As leftist academic Francis Fukuyama noted in a December 1, 1999 Wall Street Journal article, the Left should be grateful that the WTO has been advancing their radical agenda. "By creating the WTO, global capitalism has solved the left’s collective action problem," Fukuyama averred. "The WTO is the only international organization that stands any chance of evolving into an institution of global governance, setting rules not only for how countries will trade and invest with one another, but also for how they will deal with issues like labor standards and the environment." Mr. Fukuyama is not only a left-wing intellectual, but also a CFR and Trilateral Commission member.

The Left’s April 20, 2002 march on Washington gives another excellent example of this strategy in action. Led by members of the Communist Party USA, the Revolutionary Communist Party, the Communist-led U.S. Peace Council and others of similar ilk, the demonstrators demanded increased financial aid for education. The Establishment’s response was immediate, as if it had been prearranged. On April 21 World Bank President James Wolfensohn (CFR) announced that he had heard the cries of the people and his institution would be launching a multi-billion-dollar education fund for poor countries. The next day the CFR-dominated Bush administration announced it would hike U.S. bilateral foreign aid by 50 percent and our funding to the World Bank’s International Development Association by 18 percent over the next three years.
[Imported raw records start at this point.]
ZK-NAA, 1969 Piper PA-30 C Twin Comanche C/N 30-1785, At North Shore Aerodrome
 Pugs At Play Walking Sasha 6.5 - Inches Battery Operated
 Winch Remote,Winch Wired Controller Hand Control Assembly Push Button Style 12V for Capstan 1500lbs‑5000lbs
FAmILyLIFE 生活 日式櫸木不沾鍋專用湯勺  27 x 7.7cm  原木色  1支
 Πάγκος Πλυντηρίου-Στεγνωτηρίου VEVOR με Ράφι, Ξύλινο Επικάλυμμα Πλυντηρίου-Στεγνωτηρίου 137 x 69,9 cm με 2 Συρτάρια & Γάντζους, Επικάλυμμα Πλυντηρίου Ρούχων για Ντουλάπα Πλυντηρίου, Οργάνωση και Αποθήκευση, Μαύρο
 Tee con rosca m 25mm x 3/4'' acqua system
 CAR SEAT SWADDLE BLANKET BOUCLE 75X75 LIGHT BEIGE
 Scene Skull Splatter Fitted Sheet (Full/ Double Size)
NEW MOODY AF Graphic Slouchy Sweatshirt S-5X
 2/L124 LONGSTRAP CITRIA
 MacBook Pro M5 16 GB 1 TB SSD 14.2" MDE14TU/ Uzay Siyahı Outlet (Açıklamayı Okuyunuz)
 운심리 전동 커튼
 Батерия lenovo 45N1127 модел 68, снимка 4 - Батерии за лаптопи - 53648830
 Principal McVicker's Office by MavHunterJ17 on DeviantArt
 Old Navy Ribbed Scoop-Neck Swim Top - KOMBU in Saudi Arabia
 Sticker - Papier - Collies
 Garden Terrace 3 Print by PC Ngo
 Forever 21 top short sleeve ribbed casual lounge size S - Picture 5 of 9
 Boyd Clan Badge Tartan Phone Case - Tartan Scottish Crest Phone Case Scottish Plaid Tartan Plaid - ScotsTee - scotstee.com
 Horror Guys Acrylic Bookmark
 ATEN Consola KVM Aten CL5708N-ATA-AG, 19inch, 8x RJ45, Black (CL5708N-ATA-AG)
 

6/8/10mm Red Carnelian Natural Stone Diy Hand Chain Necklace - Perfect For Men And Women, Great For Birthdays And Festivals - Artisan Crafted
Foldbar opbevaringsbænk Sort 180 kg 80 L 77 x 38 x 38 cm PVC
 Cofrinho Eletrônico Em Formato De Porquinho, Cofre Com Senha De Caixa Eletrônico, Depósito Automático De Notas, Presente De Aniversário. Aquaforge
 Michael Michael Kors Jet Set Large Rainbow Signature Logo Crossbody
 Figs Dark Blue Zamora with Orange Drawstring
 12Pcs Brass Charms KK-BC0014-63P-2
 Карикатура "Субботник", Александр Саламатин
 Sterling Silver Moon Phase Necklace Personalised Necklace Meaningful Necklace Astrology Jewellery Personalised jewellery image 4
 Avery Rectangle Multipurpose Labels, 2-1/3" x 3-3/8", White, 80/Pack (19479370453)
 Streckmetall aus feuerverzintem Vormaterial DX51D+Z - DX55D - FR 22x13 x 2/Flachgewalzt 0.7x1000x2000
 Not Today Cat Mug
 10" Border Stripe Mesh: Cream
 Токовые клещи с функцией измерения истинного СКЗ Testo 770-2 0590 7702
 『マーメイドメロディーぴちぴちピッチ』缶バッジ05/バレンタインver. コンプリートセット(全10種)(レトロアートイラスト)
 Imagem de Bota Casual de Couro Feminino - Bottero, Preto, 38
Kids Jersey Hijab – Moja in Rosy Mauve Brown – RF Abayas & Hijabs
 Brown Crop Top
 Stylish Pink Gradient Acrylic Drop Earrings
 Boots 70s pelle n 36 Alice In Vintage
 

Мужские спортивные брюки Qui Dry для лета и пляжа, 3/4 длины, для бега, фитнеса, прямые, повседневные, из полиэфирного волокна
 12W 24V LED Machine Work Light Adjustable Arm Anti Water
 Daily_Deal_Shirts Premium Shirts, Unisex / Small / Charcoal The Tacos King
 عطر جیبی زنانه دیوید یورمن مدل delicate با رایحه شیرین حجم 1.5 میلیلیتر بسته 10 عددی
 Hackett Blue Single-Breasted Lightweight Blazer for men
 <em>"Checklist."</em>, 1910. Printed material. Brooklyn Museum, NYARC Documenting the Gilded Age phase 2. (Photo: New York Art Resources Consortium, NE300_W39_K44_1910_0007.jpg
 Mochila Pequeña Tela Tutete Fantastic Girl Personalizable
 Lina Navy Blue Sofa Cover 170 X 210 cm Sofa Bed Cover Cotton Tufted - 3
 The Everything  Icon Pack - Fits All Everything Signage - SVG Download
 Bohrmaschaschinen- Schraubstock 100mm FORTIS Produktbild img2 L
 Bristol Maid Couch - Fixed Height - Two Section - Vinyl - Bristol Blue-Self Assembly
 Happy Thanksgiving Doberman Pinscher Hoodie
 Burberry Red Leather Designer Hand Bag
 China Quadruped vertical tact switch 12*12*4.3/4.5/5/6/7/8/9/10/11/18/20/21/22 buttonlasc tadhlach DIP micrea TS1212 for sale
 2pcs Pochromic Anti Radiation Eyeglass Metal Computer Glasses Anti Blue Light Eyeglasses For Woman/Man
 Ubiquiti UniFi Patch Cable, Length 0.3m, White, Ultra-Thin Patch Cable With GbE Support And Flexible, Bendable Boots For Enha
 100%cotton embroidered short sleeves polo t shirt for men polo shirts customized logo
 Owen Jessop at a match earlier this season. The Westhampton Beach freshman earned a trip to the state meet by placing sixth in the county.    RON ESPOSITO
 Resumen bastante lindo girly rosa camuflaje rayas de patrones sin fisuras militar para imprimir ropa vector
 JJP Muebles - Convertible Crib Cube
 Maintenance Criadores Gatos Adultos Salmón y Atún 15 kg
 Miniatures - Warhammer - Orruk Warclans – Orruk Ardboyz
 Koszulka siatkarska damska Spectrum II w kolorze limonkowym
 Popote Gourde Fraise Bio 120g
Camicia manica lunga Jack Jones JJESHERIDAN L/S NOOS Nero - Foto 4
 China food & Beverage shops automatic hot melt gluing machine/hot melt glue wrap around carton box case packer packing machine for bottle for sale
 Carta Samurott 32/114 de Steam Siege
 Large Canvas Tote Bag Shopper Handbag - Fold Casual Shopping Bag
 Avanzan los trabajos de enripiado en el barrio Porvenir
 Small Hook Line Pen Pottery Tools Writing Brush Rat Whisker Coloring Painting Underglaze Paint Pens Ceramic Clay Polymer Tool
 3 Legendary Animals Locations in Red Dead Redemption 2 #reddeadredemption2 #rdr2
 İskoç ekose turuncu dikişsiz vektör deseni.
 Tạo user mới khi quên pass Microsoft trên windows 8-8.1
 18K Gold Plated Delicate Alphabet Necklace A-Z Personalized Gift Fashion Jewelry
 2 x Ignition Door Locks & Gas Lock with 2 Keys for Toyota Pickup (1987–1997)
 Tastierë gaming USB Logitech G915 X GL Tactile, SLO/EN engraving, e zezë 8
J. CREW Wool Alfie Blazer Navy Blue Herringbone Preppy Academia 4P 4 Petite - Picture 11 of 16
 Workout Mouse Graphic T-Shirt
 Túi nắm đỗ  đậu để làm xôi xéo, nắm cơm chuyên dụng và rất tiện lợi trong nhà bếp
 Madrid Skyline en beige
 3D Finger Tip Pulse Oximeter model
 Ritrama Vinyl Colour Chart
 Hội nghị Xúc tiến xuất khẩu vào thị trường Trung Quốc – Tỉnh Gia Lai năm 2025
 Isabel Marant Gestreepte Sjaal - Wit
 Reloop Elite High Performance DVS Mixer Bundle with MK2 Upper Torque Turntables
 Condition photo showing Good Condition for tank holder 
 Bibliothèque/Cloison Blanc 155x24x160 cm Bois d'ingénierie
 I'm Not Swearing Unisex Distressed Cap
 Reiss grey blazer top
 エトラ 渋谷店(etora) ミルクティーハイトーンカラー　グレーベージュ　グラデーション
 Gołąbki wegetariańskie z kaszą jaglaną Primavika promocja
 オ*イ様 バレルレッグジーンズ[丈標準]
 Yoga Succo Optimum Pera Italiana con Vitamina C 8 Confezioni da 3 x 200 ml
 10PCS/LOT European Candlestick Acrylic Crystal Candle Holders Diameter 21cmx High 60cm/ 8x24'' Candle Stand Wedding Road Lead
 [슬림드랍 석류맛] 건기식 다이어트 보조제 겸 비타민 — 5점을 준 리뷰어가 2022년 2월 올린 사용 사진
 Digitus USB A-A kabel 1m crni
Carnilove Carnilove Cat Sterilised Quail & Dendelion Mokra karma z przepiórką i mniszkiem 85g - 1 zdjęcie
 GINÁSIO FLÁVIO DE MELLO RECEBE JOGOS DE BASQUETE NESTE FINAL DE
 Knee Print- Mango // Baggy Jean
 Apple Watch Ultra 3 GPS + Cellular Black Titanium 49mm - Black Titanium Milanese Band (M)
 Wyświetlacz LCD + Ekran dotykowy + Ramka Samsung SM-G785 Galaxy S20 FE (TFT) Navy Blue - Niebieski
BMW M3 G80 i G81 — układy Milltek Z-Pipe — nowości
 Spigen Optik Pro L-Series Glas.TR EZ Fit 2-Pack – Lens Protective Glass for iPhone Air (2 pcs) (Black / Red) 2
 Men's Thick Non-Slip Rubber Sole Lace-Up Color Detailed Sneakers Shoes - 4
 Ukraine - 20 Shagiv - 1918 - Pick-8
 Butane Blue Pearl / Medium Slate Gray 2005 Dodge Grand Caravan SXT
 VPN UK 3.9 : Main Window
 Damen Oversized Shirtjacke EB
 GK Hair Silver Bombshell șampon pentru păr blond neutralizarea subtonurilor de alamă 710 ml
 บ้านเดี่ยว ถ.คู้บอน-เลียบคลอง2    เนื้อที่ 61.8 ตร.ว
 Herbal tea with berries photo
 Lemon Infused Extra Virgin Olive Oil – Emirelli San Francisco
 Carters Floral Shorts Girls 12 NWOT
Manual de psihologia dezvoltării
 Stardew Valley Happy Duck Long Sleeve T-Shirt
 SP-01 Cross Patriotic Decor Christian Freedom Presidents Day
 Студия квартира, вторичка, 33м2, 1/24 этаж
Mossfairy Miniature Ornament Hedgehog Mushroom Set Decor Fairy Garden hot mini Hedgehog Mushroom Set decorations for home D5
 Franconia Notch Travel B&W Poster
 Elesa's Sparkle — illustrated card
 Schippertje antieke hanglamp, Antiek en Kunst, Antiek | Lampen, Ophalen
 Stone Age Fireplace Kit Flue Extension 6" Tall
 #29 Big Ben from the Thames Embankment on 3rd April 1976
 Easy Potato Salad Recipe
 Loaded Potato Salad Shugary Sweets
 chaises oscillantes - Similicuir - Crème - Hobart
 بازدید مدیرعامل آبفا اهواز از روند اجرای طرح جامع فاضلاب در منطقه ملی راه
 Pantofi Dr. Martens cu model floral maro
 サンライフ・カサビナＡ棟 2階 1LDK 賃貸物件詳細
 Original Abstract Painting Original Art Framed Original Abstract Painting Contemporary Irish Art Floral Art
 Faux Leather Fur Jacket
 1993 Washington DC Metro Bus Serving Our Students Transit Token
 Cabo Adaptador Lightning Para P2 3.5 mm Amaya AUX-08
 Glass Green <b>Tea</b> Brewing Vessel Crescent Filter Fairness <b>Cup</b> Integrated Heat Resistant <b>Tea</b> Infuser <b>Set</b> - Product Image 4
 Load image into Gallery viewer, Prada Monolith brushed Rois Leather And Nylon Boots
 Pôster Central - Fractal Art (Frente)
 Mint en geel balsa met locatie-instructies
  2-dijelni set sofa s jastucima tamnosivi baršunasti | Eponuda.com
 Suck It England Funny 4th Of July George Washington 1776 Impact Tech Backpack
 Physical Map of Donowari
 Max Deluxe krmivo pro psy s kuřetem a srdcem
Radicals in the Streets and the Suites


The Miami FTAA conference represented a new watershed in open collaboration between the left-wing activists and the CFR elites at trade summits. While there were a few dozen arrests of radicals in the streets, they served mainly to draw attention away from the fact that there were a great many radicals in the suites, as well. Following the UN’s example of giving radical NGOs semi-official status at international conferences, the FTAA welcomed hundreds of leftists into the America’s Trade and Sustainable Development Forum (ATSDF) that ran concomitantly with the FTAA in the neighboring Clarion and Marriott hotels. The ATSDF conclave featured workshops, panels and presentations from the veteran activists of the Carnegie Endowment for International Peace, Greenpeace, the National Wildlife Federation, the World Resources Institute, Freedom House, the Washington Office on Latin America, the World Bank, Oxfam America, Global Trade Watch and the Migration Policy Institute.

Meanwhile, AFL-CIO President John J. Sweeney (CFR), leader of the nation’s largest union, brought thousands of steel workers, auto workers, hotel workers and teachers to Miami to keep the pressure boiling from below.